- Allan Jeayes, Garry Marsh and Isobel Elsom in a scene from the film
- Directed by: Henry Edwards
- Written by: Henry Edwards
- Story by: Hugh G. Esse
- Produced by: Henry Edwards E.G. Norman
- Starring: Isobel Elsom Garry Marsh Derrick De Marney
- Cinematography: Walter Blakeley
- Music by: John Greenwood
- Production company: Warner Brothers
- Distributed by: Warner Brothers
- Release date: October 1931;
- Running time: 66 minutes
- Country: United Kingdom
- Language: English

= Stranglehold (1931 film) =

1931 film

Stranglehold is a lost 1931 British drama film directed by Henry Edwards and starring Isobel Elsom, Garry Marsh and Derrick De Marney. It was written by Edwards from a story by Hugh G. Esse, and made by Warner Brothers at Teddington Studios as a quota quickie.

== Preservation status ==
The British Film Institute has classed Stranglehold as a lost film. Its National Archive holds a collection of ephemera and stills but no film or video materials.

==Plot==
King, discovering that his old school-friend Bruce has betrayed the only woman that he ever loved, takes revenge on Bruce and sabotages his life completely. Ultimately, King relialises that his revenge is valueless.

==Cast==
- Isobel Elsom as Beatrice
- Garry Marsh as Bruce
- Derrick De Marney as Phillip
- Allan Jeayes as King
- Dorothy Bartlam as Grace
- Minnie Rayner as Cook
- Henry Vibart as Farren
- Hugh E. Wright as Briggs
- K. Takase as Ling

== Reception ==
Film Weekly wrote: "There is a really good dramatic idea at the base of this story, but the narration, and in most cases the acting, does not put it over with any real success. Takase and Garry Marsh are the best of a fair cast. Henry Edwards, in directing the film, seems to have found difficulty with material heavier than that to which he is accustomed."

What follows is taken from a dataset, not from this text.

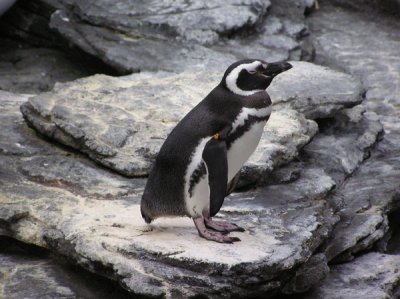 Oceanario de Lisboa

Kine Weekly wrote: "This British melodrama of revenge is occasionally reminiscent of Mr. Wu, but it lacks its fine dramatic punch and good stagecraft. Scope and easy movement, the essential characteristics of this type of entertainment, are lacking, and the picture's appeal is limited to those who do not take their entertainment too seriously. Allan Jeayes plays the Anglo-Chinaman fairly well, but his performance is very reminiscent of George Arliss in The Green Goddess, and suffers in comparison. Garry Marsh interprets Bruce with powerful aggressiveness, but Isobel Elsom fails to reach the necessary emotional heights of Beatrice, nor does she photograph well. ... This meiodrama carries us back to the early days of British production, and suffers from its old faults. There is very little action, the story is artificial and highly melodramatic.'"

The Daily Film Renter wrote: "Far fetched story produced at Teddington Studios and directed by Henry Edwards. On the whole well cast, recorded and photographed, but falls short of feature rank by reason of flat and inconclusive climax."

Picturegoer wrote: "Highly artificial and melodramatic picture, somewhat on the lines of Mr. Wu, but lacking that play's strong dramatisation. ... The continuity runs jerkily and the production qualities generally are not remarkable."